Арлекин (Алешковский) - страница 11

А оно свершилось мгновенно, всего в нескольких шагах от их дома, на большой площади.

Дикой смертью погиб де Винь. Тимофея Ржевского вытащили из курятника, жалкого, перепачканного куриным пометом, в оборванном немецком платье, с трехдневной щетиной, отчего смертельно-серое, напуганное лицо его казалось особенно грязным. Щетина послужила поводом для насмешек: «Ишь, решил в спешке бороду отпускать, ирод немецкий! Заточили настоящего государя нашего в Стекольном граде, заклали в столп, а на Москве веру немецкую поставить хотите».

Разбушевавшийся народ был непредсказуемо ужасен.

Губернатор увидал попа – бросился: «Батюшка, защити!» Что он мог тогда, батюшка?!

Оттеснили. Сомкнули круг. Толчки. Злоба стрелецкая. Бабы истошно проклинают так, как только они умеют, даже кишки сводит. И вдруг расступившаяся толпа и скачущий конник. Лицо Тимофею Ржевскому хорошо знакомо – держал его неделю в карцере за кулачный бой в «Спасительском». Конник Уткин и острие казачьей пики, метящее прямо в глаза.

Никак он этого помнить не мог, а представлял красочно, вплоть до изрытого страшными копытами песка перед собором. Слово «стрелец» скоро позабылось, вышло из употребления, но все существенное память сохранила. Ржевский дружил, если можно так было назвать его отношения, с простым священником: любил с ним поговорить, давал книги из своей библиотеки и не забывал делать подарки на именины маленького Василия.

Фортуна распорядилась по-своему: зачем-то ей важно было, чтоб остался в памяти детский страх и временами вставала перед глазами картина жестокой расправы, столько раз обрисованная отцом, и, вспоминая его терзания, невольно и на себе ощущал он его муки, словно сам был невольно причастен к бесцельному убийству.

7

Голландца Лебрюна Василий помнил уже отчетливо.

Отец ждал иноземца с нетерпением. Несколько дней, с ним проведенных, вспоминал часто и всегда восторженно: пронеслись перед ним далекие миры, о которых мечтал в юности и к которым не отпустил тогда дед.
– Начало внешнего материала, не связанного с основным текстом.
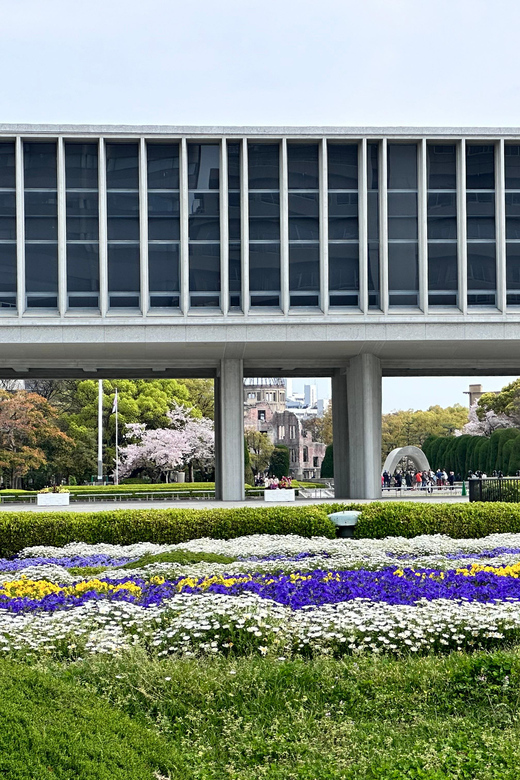 Hiroshima; Hiroshima Peace Memorial Museum and Castle Tour - Hiroshima Gokoku Shrine and Hiroshima Castle for Samurai History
Но у старика был свой резон, свое знание – он все это испытал сам: и приближение к высшим мира сего, когда он, способный певчий, певал великому Никону родившиеся среди братии особо чтимого патриархом возводимого им Новоиерусалимского монастыря пышнозвучные канты – тогдашние новации в песнопении. Недолгое время состоял он при регенте новоиерусалимского хора, побывал после и в самой первопрестольной, а затем бежал с семьей или был выслан – какая разница, как назвать то, что исковеркало столь ярко начавшуюся жизнь. Здесь, в далеком далеке, по истечении стольких лет, дед думал теперь о более важном, чем суетные метания ушедшей молодости, думал о самой жизни. Он не пустил тогда Кирилла, убоялся за единственное чадо, да в ту пору еще и таил зло на сияющую златым светом высокоторжественную жизнь столицы. Прав ли был?